Lalani Nan’s paintings are transporting — not sure I can tell you why I find them so; not sure I want to.  When words like color, texture, sensuality, abstraction start playing in my brain, I’ve moved away from the paintings.  So, instead, here they are on the Ricco Maresca gallery site.


  1. It struck me that among the paintings I’ve seen of the Madonna and Child in classical western art there was none that I can remember where the Madonna was breastfeeding the infant Jesus, and if there was, her breasts were certainly not displayed as they are in the painting of the Madonna and White Cat. It’s curious that after spending centuries battling the Gnostics who denounced the true flesh of the Christ and taught the worthlessness of human flesh, the western church chose to cover the flesh of Mary as if it was unsuitable for the art it commissioned. It certainly displayed the tortured flesh of the crucified Christ clearly enough. One might think the church’s taste in art almost ran counter to what it preached and fought against in the early centuries of Christianity’s past.

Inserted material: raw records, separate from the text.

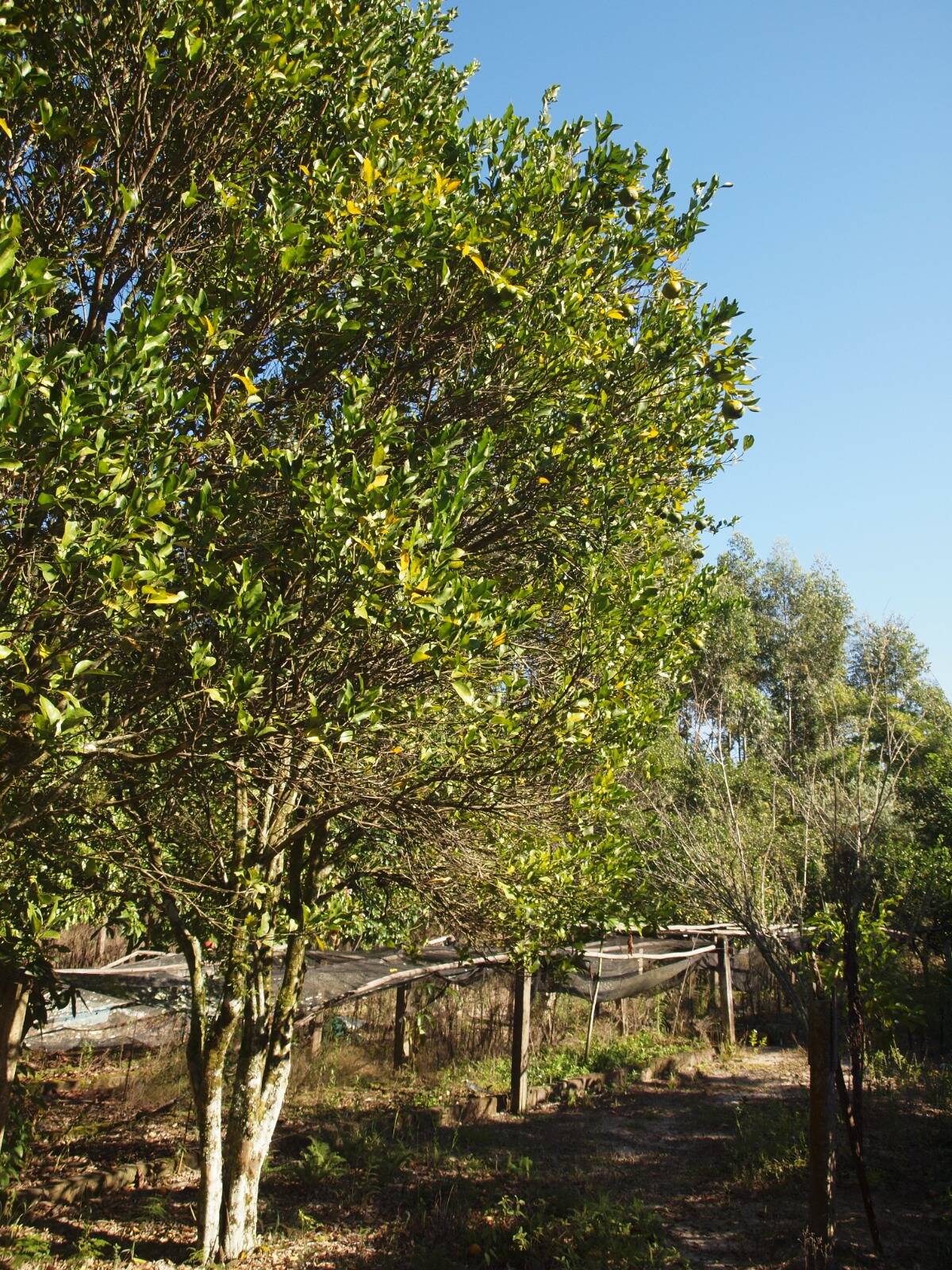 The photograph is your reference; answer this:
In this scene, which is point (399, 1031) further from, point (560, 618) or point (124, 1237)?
point (560, 618)

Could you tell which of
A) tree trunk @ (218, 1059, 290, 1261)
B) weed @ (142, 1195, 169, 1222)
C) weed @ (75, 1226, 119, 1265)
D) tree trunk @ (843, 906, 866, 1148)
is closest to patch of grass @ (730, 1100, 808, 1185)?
tree trunk @ (843, 906, 866, 1148)

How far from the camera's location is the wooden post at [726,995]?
15.2m

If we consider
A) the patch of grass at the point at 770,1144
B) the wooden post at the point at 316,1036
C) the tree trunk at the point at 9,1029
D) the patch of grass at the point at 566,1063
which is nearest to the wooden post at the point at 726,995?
the patch of grass at the point at 566,1063

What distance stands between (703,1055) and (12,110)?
15925 mm

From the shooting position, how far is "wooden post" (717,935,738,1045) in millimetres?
15211

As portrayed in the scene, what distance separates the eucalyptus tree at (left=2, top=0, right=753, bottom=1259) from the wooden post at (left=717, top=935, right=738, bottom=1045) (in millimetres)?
10952

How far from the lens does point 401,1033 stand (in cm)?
1259

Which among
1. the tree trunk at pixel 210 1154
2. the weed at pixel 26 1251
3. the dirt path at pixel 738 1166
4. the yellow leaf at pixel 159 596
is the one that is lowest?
the dirt path at pixel 738 1166

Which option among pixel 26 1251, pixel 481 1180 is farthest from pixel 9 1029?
pixel 481 1180

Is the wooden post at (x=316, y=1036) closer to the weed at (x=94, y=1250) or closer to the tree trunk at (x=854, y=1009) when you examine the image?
the weed at (x=94, y=1250)

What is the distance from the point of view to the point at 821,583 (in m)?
34.8

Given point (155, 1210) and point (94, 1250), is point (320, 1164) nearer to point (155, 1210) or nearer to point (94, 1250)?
point (155, 1210)

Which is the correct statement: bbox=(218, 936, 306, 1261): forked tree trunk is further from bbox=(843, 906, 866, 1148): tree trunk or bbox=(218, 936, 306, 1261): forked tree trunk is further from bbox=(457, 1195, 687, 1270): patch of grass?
bbox=(843, 906, 866, 1148): tree trunk

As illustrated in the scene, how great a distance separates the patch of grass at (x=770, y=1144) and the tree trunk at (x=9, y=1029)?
23.5 ft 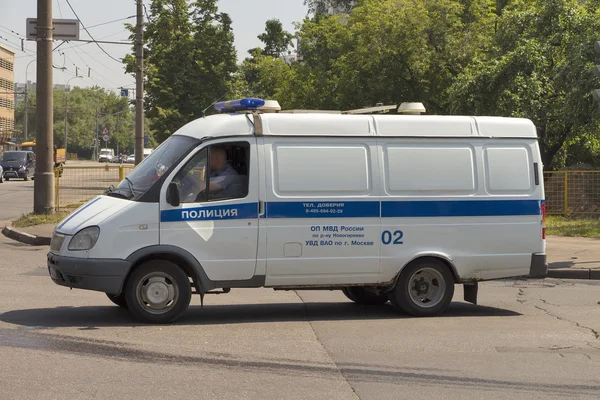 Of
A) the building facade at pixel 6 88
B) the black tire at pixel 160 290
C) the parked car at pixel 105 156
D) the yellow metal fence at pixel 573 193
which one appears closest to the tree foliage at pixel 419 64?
the yellow metal fence at pixel 573 193

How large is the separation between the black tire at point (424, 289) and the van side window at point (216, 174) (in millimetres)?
2112

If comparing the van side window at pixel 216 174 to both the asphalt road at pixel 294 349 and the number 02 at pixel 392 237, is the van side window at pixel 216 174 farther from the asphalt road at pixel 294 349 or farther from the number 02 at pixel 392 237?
the number 02 at pixel 392 237

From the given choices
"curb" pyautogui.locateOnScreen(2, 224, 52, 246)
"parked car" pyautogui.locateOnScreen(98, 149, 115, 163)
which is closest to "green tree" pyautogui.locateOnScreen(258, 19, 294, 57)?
"parked car" pyautogui.locateOnScreen(98, 149, 115, 163)

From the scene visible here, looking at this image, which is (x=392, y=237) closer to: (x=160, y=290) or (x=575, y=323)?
(x=575, y=323)

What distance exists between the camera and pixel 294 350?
27.1 ft

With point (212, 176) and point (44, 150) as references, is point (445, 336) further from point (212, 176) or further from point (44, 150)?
point (44, 150)

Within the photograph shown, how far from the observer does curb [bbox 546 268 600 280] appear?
49.3 ft

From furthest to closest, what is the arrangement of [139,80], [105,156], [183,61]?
[105,156] → [183,61] → [139,80]

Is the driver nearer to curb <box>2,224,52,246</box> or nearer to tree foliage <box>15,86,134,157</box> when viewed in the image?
curb <box>2,224,52,246</box>

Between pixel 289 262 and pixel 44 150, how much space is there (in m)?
12.7

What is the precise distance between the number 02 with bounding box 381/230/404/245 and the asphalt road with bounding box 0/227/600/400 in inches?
34.5

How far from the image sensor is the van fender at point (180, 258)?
937cm

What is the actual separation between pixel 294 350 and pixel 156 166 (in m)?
2.75

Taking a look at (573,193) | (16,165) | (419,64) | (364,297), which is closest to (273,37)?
(16,165) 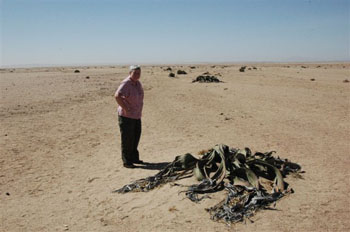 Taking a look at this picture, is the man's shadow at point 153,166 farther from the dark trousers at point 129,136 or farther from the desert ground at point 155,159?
the dark trousers at point 129,136

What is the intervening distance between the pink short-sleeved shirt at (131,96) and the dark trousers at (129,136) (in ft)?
0.36

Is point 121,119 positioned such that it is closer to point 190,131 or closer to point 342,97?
point 190,131

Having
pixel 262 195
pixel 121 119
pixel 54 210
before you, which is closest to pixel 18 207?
pixel 54 210

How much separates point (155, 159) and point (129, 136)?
30.2 inches

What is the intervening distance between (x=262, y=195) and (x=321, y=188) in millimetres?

  2. (Somehow your comment got posted here rather than on “From the Shadows into the Limelight” — not sure how that happened…)

    I agree, Bob: it is not uncommon to see Madonnas with one breast exposed as she nurses her child, but this frontal, double-exposure is rather remarkable. I would assume that this is because breasts in India were not covered as assiduously as they were in Europe — not until the British arrived, that is. So perhaps in looking at European prints as a model, the painter felt it was only natural to uncover both breasts. Or perhaps that is the way the Indian painter remembered the print he saw… Glad you pointed this out because I had not focused on that at all.